=== SUPPLIED DATA ===
━━━━━━━━━━━━━━━━━━━━

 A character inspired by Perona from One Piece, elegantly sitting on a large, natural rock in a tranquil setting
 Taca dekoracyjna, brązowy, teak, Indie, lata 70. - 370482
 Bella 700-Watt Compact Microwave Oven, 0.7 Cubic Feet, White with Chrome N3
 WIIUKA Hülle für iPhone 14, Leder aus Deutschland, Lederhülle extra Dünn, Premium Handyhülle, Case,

━━━━━━━━━━━━━━━━━━━━

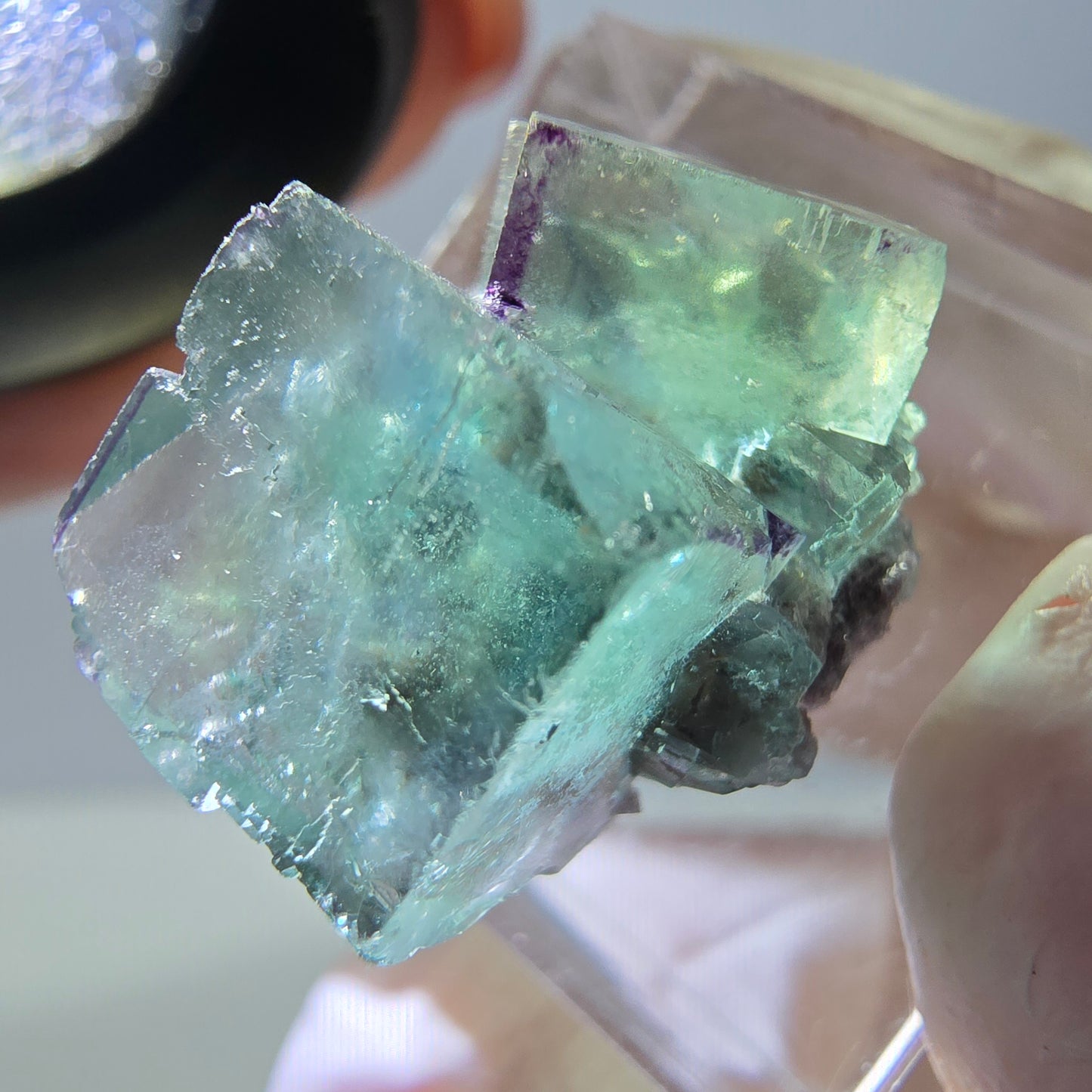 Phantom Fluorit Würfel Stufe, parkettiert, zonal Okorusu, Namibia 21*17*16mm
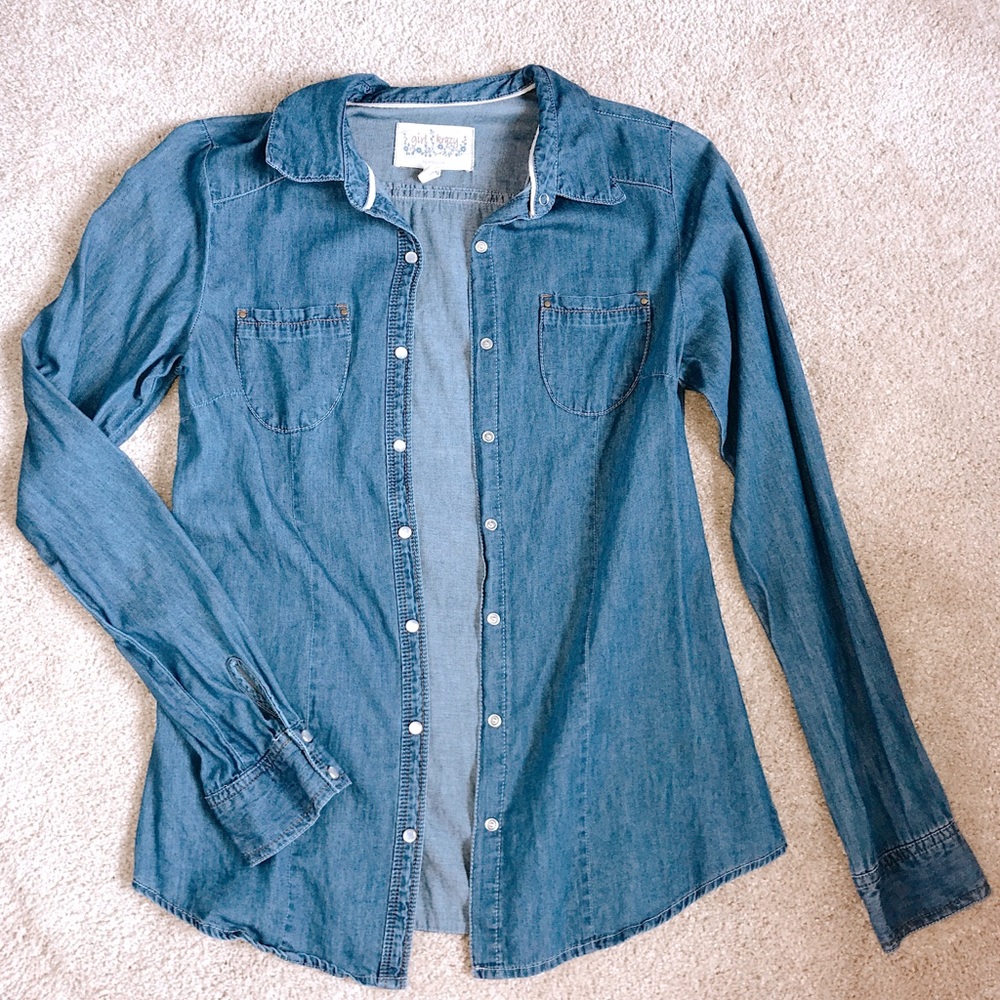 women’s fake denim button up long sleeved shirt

━━━━━━━━━━━━━━━━━━━━

=== TO DO ===
Within the listing above, the lines starting at the one containing "Phantom Fluorit Würfel" and ending at the one containing "women’s fake denim" are to be returned exactly. Omit the pictures.

=== EXPECTED OUTPUT ===
 Phantom Fluorit Würfel Stufe, parkettiert, zonal Okorusu, Namibia 21*17*16mm
 women’s fake denim button up long sleeved shirt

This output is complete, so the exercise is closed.